Sunday, June 12, 2011

What Immanuel Kant and Daniel Have in Common

Immanuel Kant was one of the most influential philosophers in the modern era. But, did you know that one of his driving assumptions was very similar to a remarkable turn that happens in the Scriptures, particularly in the 2nd half of Daniel? I've never heard anyone make this connection before, so bear with me and please, please, correct me if I'm wrong.
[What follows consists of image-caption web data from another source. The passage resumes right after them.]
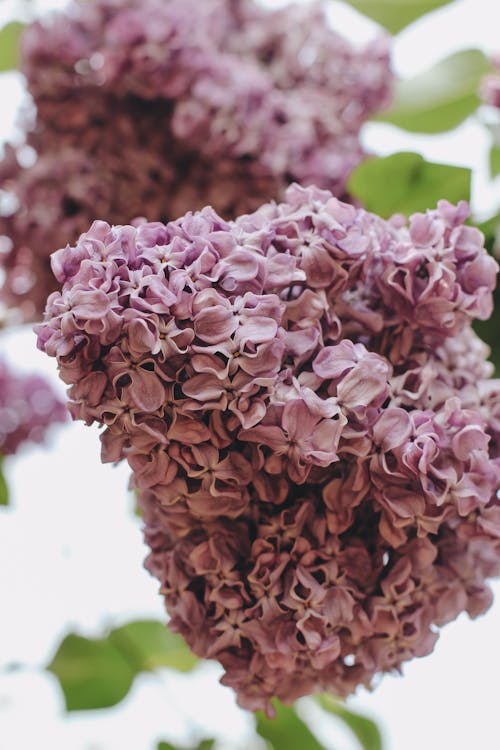 Decorative Lilac Flowers in Spring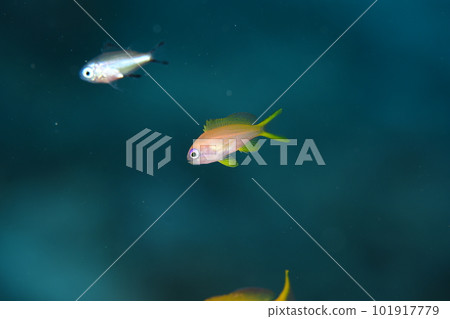 Juvenile goldfish 101917779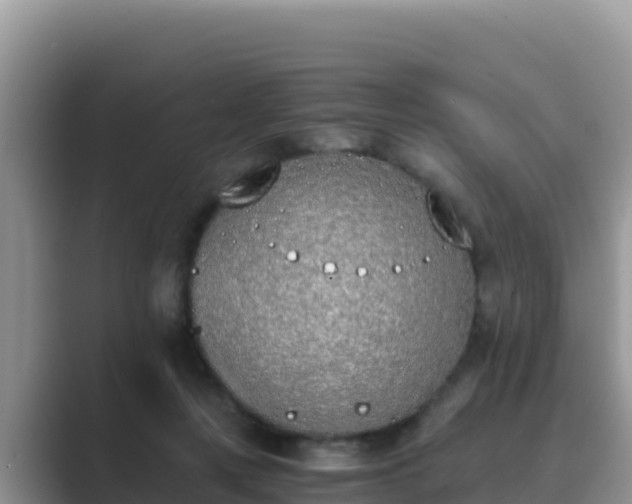 X0000089830359200707051043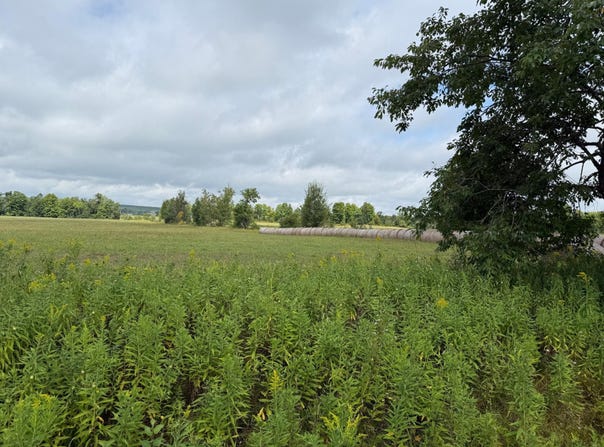 W15976 QUARTER DR, Goodman, WI 54125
Kant wrote three massive and dense "critiques," where he tried to look at the possibility of the true, the good, and the beautiful - which are the 3 primary divisions in philosophy of knowing, doing, and feeling. In his first critique - The Critique of Pure Reason - Kant argued that 'knowing' is limited to the synthesis of percepts and concepts. That is, we only truly know something if we have a perception to accompany our conception of it. A concept of unicorns, for example, has no real life perception to accompany it. We can only 'know' it as a fiction, an imaginative thing that we depict in pictures or ideas. A concept of apples, on the other hand, we can know as a real and edible thing because we've got a real and edible experience to accompany our idea of apples. Get it? (Dear philosophy geeks: Yes, I'm simplifying. It's a blog, for crying out loud! Go back to your hovels!)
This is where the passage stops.